#### [Records for this task]
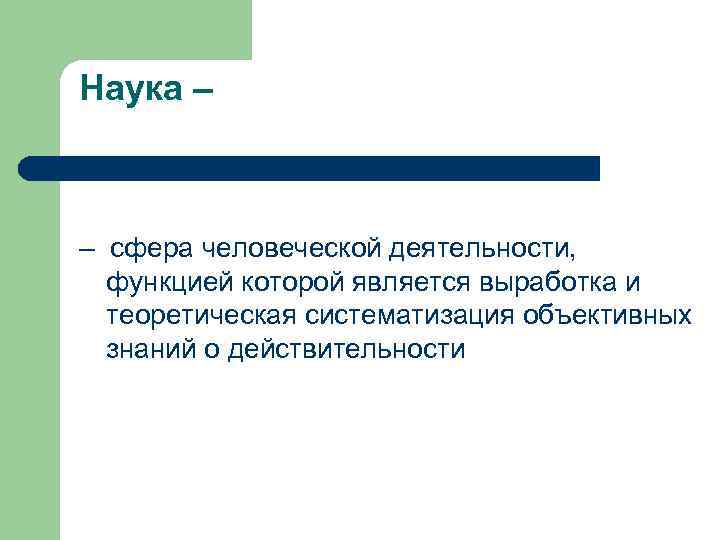 Наука – – сфера человеческой деятельности, функцией которой является выработка и теоретическая систематизация объективных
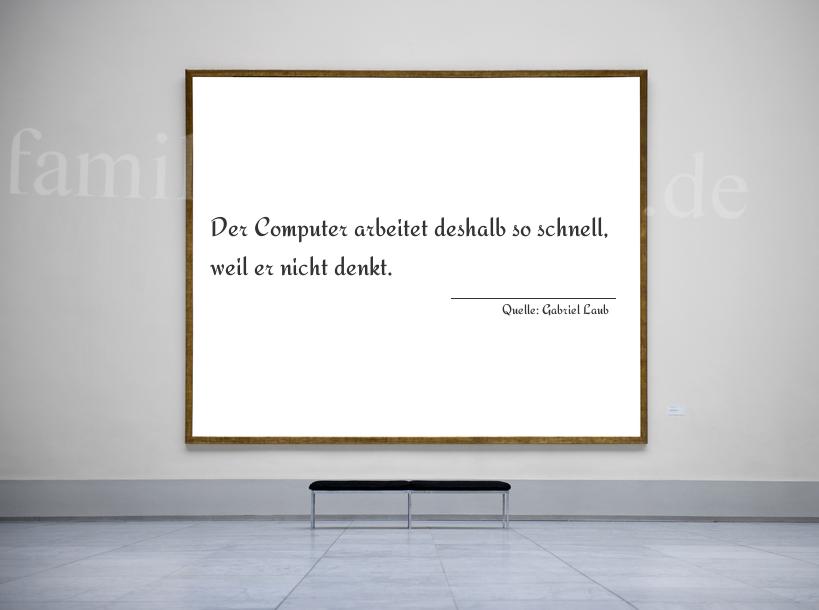 Aphorismus Nr. 1244 (von Gabriel Laub): "Der Computer arbeitet deshalb so schnell, weil er nicht d [...]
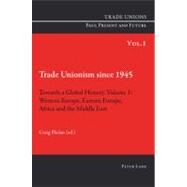 Trade Unionism Since 1945: Towards a Global History : Western Europe, Eastern Europe, Africa and the Middle East by Craig, Phelan, 9783039114108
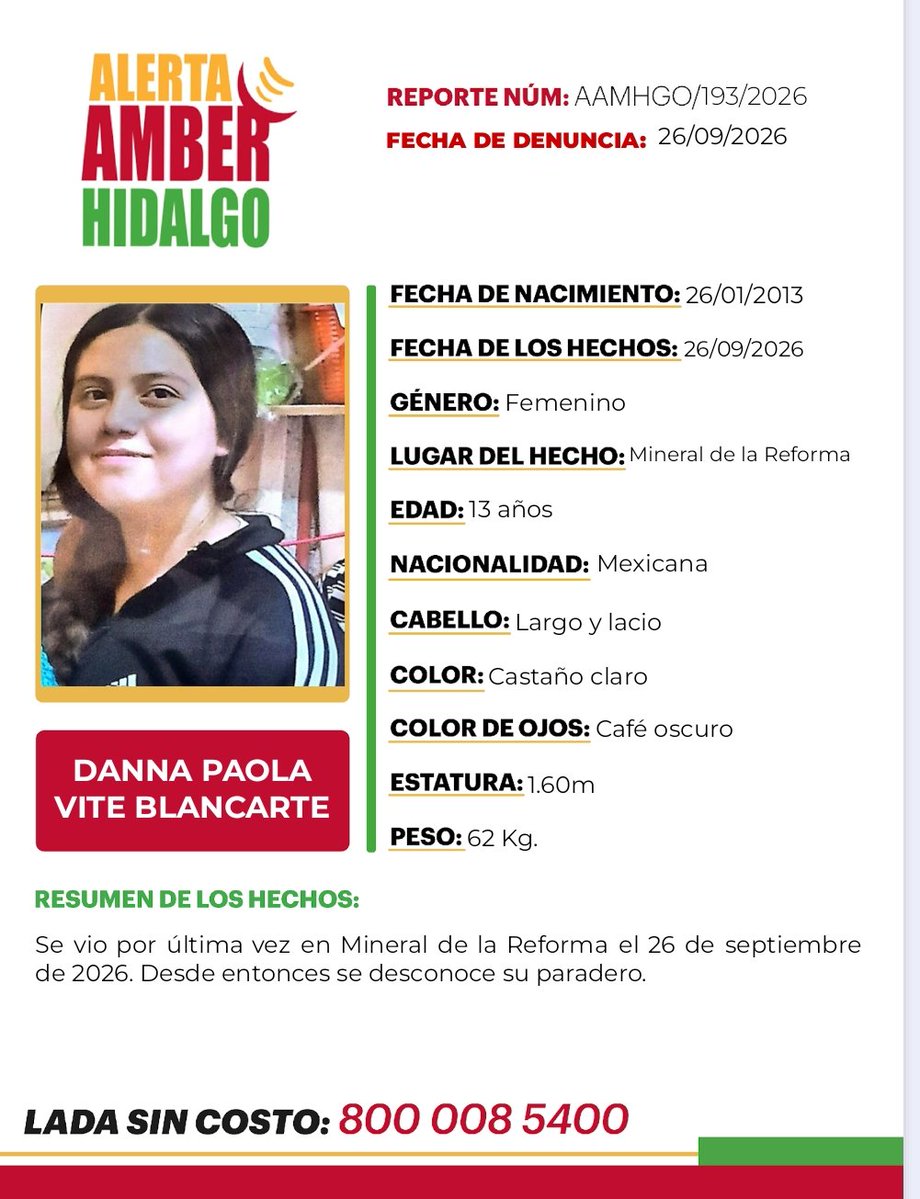 AAMBER_hgo's tweet photo. 🟡Solicitamos tu apoyo con la #DIFUSIÓN de la #AlertaAmberHidalgo para localizar a DANNA PAOLA VITE BLANCARTE. Si tienes información, comunícate al ☎️8009121314 PROCURATEL. #PGJEH #CadaSegundoCuenta #TuAyudaCuenta #ActuemosRápido. https://t.co/4ffHvyIZk1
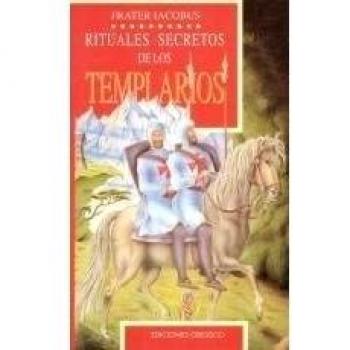 Rituales secretos templarios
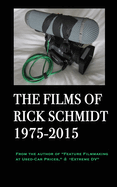The Films of Rick Schmidt 1975-2015: 1ST ED./SPECIAL CINEASTE 2nd Printing-APPENDIX w/Hot Links=26 FREE MOVIES!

#### [Your goal]
Reproduce all the entries above exactly. Include no images.

#### [Problem solution]
 Наука – – сфера человеческой деятельности, функцией которой является выработка и теоретическая систематизация объективных
 Aphorismus Nr. 1244 (von Gabriel Laub): "Der Computer arbeitet deshalb so schnell, weil er nicht d [...]
 Trade Unionism Since 1945: Towards a Global History : Western Europe, Eastern Europe, Africa and the Middle East by Craig, Phelan, 9783039114108
 AAMBER_hgo's tweet photo. 🟡Solicitamos tu apoyo con la #DIFUSIÓN de la #AlertaAmberHidalgo para localizar a DANNA PAOLA VITE BLANCARTE. Si tienes información, comunícate al ☎️8009121314 PROCURATEL. #PGJEH #CadaSegundoCuenta #TuAyudaCuenta #ActuemosRápido. https://t.co/4ffHvyIZk1
 Rituales secretos templarios
The Films of Rick Schmidt 1975-2015: 1ST ED./SPECIAL CINEASTE 2nd Printing-APPENDIX w/Hot Links=26 FREE MOVIES!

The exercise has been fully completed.